Is there any way to show that $f$ has such a continuous extension, or is there a version of Schwarz that doesn't put this requirement on $f$?

The answer to both questions is yes.

First question. The Osgood-Carathéodory Theorem states that if $f$ is a conformal mapping of a Jordan domain $U$ onto a Jordan domain $V$, then $f$ extends to a homeomorphism of the closure of $U$ onto the closure of $V$. This theorem has been extended to domains bounded by finitely many disjoint Jordan curves (more precisely to domains which are a Jordan domain with finitely disjoint closed Jordan domains removed from the interior). See Theorem 5.3 in the following paper.

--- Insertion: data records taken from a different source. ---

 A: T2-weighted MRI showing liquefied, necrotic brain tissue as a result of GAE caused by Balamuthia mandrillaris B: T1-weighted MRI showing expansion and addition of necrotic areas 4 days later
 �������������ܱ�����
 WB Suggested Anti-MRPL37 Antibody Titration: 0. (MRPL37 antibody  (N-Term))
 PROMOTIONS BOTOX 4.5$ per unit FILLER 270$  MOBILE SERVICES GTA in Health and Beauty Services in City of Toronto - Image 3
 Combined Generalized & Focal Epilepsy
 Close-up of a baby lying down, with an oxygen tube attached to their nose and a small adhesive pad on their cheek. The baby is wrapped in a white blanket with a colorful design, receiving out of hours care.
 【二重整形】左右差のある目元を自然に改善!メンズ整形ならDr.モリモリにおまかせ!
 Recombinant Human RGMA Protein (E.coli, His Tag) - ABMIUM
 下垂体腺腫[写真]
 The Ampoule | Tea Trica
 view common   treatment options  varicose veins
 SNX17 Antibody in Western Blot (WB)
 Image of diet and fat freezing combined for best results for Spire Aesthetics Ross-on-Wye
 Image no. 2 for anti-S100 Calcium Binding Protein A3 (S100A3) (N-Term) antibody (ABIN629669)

https://cms.math.ca/10.4153/CMB-2016-051-1

In particular domains bounded by two disjoint Jordan domains (such as annuli). Getting back to your first question, this shows that your $f$ does have a continuous extension.

Second question. Your question was answered in the discussion in the comments. You are concerned that the annuli are not simply connected, but the extension problem is local, as noticed by taking a small disk in the answer to the question linked to in the comments.

The continuity assumption in Schwarz's reflection principle

If you take a small disk about a boundary point of an annulus, its intersection with the annulus is simply connected.

In looking at the linked paper, Riemann surfaces can be replaced by plane domains. Every domain (open connected set) in the plane is a Riemann surface.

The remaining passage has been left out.